**Try it**
In the copy, include every record below exactly as it appears, but no pictures.
+++ Records provided +++
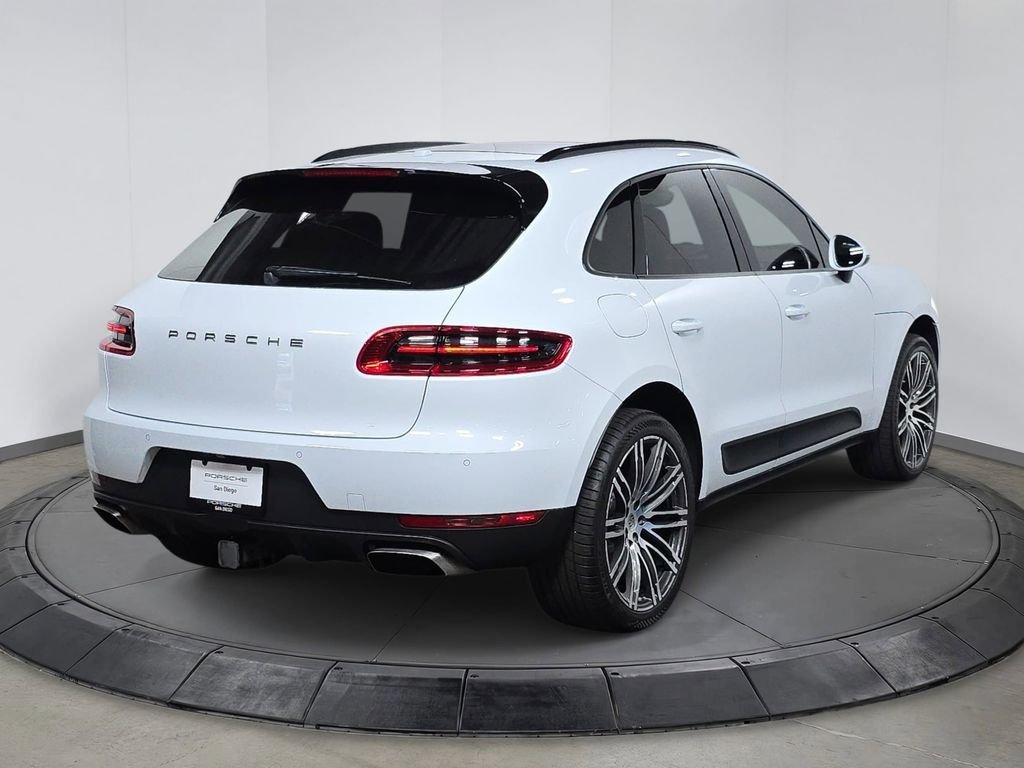Used 2018  Porsche  image 7
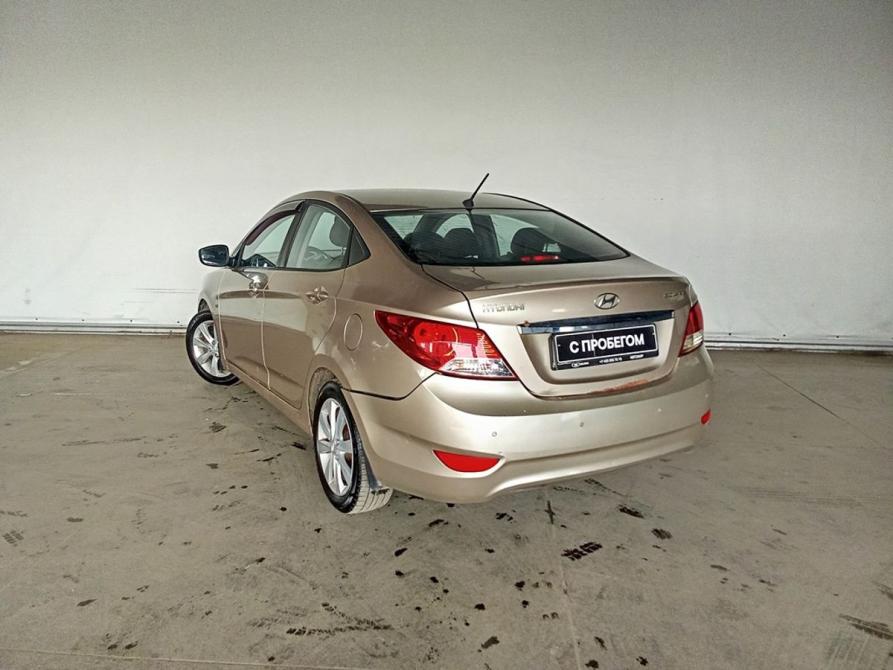 Hyundai Solaris I Москва  - изображение 4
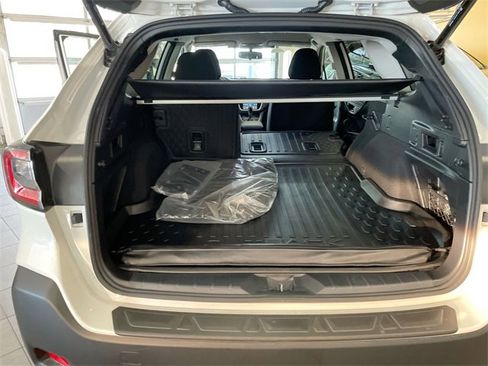 Certified 2025 Subaru Outback Premium image 25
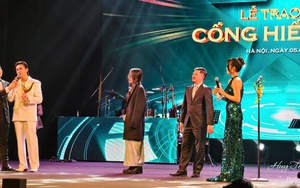 1 chiếc cúp Cống hiến và 3 lớp học được xây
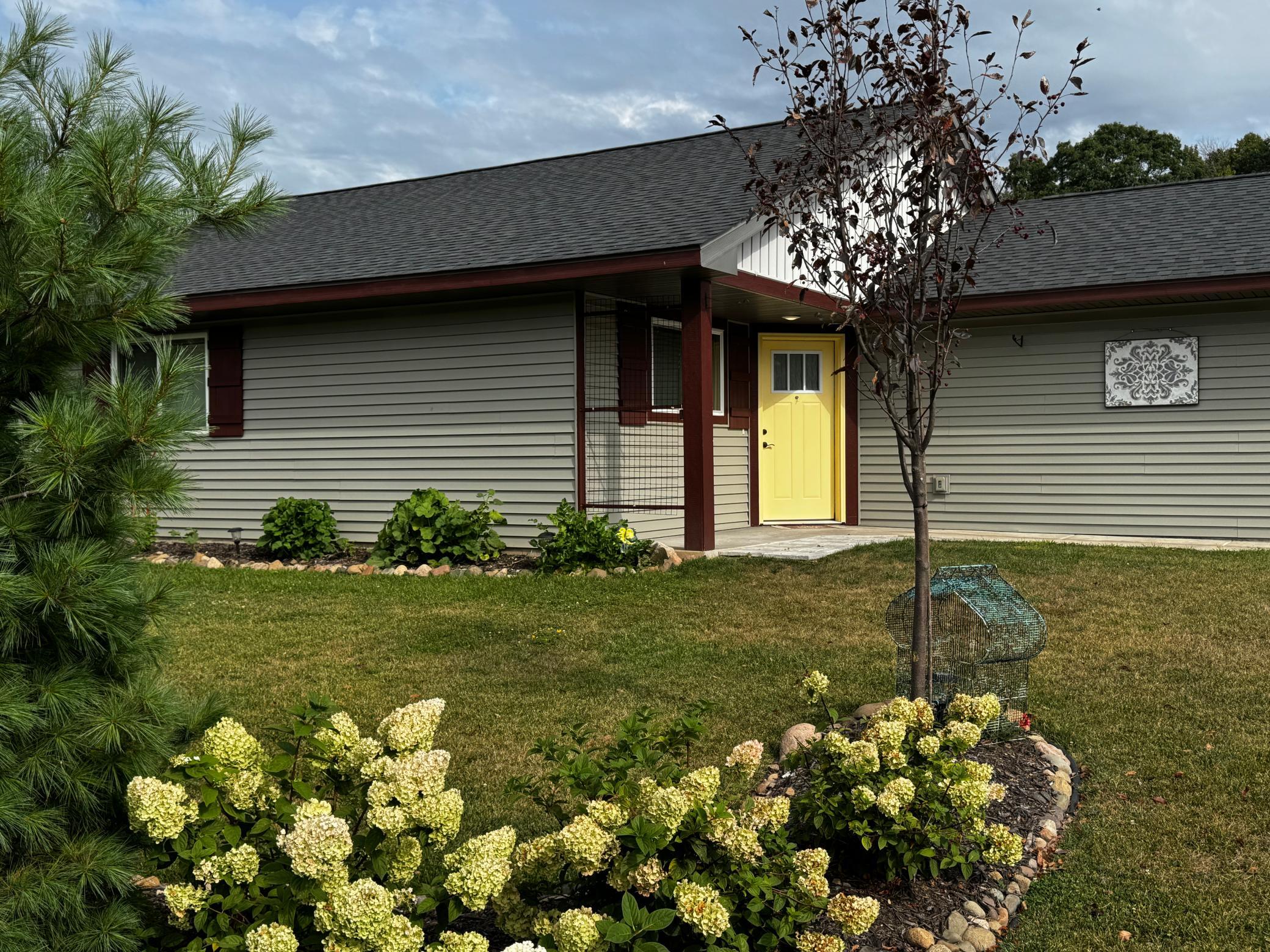 1302 Greentree Drive Property Photo 6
+++
**Your solution**
Used 2018  Porsche  image 7
 Hyundai Solaris I Москва  - изображение 4
 Certified 2025 Subaru Outback Premium image 25
 1 chiếc cúp Cống hiến và 3 lớp học được xây
 1302 Greentree Drive Property Photo 6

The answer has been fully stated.